Ein Projekt, das am Herzen liegt – seit 25 Jahren „Mädchenwelten“ feiern Jubiläum

Veröffentlicht am 3. Februar 2023

Wer bin ich? Wie nehmen Andere mich wahr? Möchte ich dieses Bild von mir vermitteln? Wie kann ich meine Ausstrahlung verändern und meine Kommunikation verbessern? Mit diesen und vielen weiteren Fragen beschäftigten sich jetzt 38 Mädchen der Stufe 9 des Europagymnasiums Warstein beim traditionellen Projekt „Mädchenwelten“. Bereits seit 25 Jahren wird diese Aktion von der Stadt Warstein und der Gleichstellungsbeauftragten unterstützt.

 

Vier Tage lang machen es sich die Mädels mit ihren Betreuerinnen im Paulushaus der St.
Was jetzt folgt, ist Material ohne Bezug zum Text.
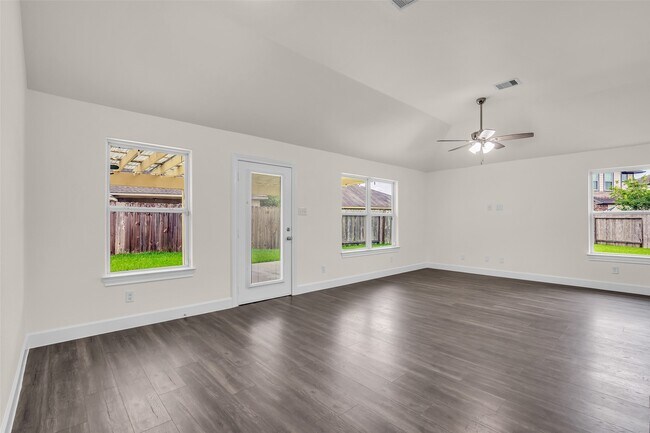 Building Photo - 11919 Prosperity Point Dr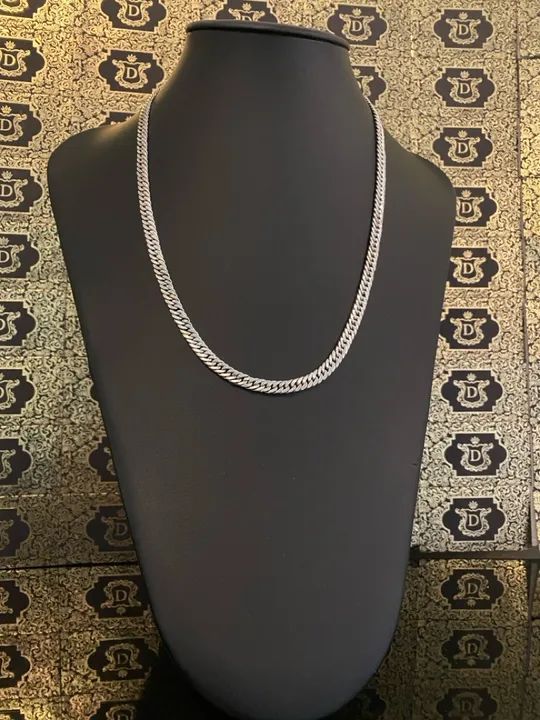 Corrente em Ouro Branco 18K 750 35 gramas  - Foto 4
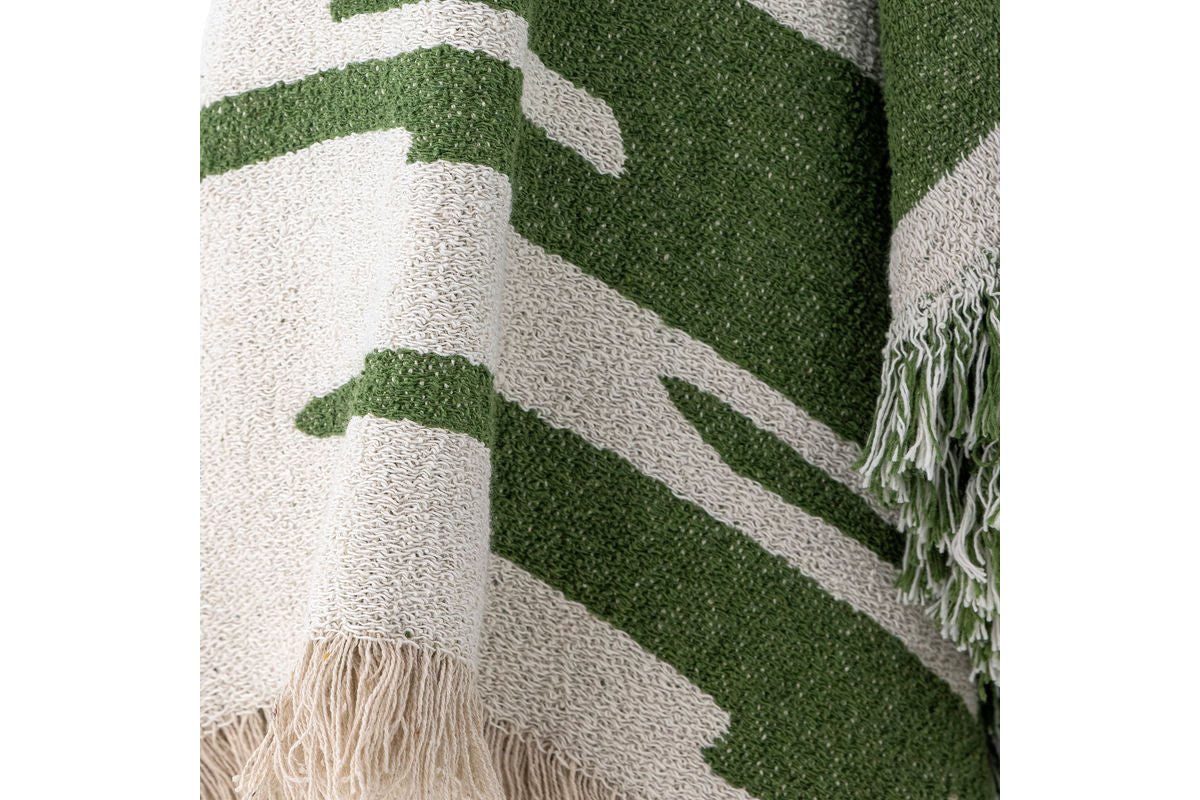 Vireo Bedspread – Reversible Pattern Made from Recycled Cotton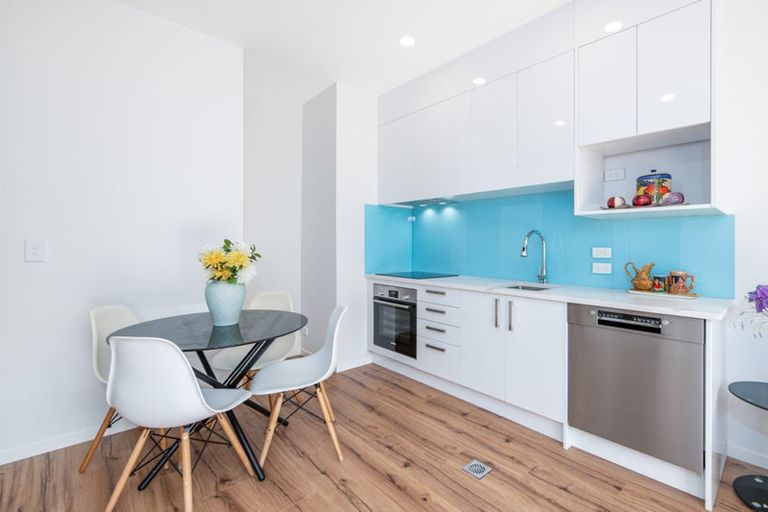 Photo of property in 23b Crystal Avenue, Glendene, Auckland, 0602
Petrus-Kirchengemeinde gemütlich, um sich abseits von der Schule mal mit anderen wichtigen Themen auseinanderzusetzen. Eingeteilt in drei Gruppen wurden die Neuntklässlerinnen von den Lehrerinnen Barbara Marx, Dagmar Wiethoff, Jasmina Eickmann sowie von den Externen Miriam Degenhardt, die bis zum letzten Schuljahr ebenfalls am Europagymnasium unterrichtete, Julia Maier, Sozialarbeiterin und tätig im Warsteiner Kinder- und Jugendtreff, und Miriam Spielmann, die als Hebamme arbeitet, betreut.

Obwohl das Projekt schon so lange fester Bestandteil der neunten Klasse ist, wird das Programm jedes Jahr verändert und angepasst. „Die Bedürfnisse der Mädchen ändern sich natürlich. Wenn wir allein schon betrachten, was die Medien heutzutage neben ihren Vorteilen auch für Probleme und Schwierigkeiten mit sich bringen, ist das ein Punkt, über den gesprochen werden muss“, so Miriam Degenhardt.

Auch wenn die Medien sich ändern und die Mädchen heutzutage lieber „auf Insta“ scrollen statt durch eine Zeitschrift zu blättern, erkennen die Betreuerinnen: Die Kernfragen sind die gleichen und das Kernproblem ist auch das selbe wie vor 10, 15, 20 oder 25 Jahren.

Am Montag drehte sich deshalb alles rund um die Frage: Wer bin ich und wer könnte ich morgen sein? Die Teenager suchten auf Instagram Profile von typischen Frauenrollen mit Hilfe von Hashtags. „Wir haben mal #mutti eingegeben und uns angeschaut, was für Frauen Bilder mit solchen Hashtags posten und wie diese ihr Leben auf Social Media präsentieren“, berichtete Barbara Marx. Denn: „Nach außen wirkt alles schön und makellos, doch was steckt wirklich dahinter?“, ergänzte Jasmina Eickmann.

Bei der Recherche entdeckten ein paar Mädels einen Post über Selbstliebe und Selbstbewusstsein von einer Influencerin, bei dem gar nicht zu übersehen war, dass die Frau an ihrem Gesicht herumbearbeitet hatte. „Das hat mit sich lieben dann auch nicht mehr so viel zu tun“, merkte Eickmann kritisch an. „Dafür muss man die Mädchen auch ein bisschen sensibilisieren“, berichtete Miriam Spielmann. Denn dass Social Media für die heutigen Generationen eine wichtige Rolle spielt, ist den Betreuerinnen klar.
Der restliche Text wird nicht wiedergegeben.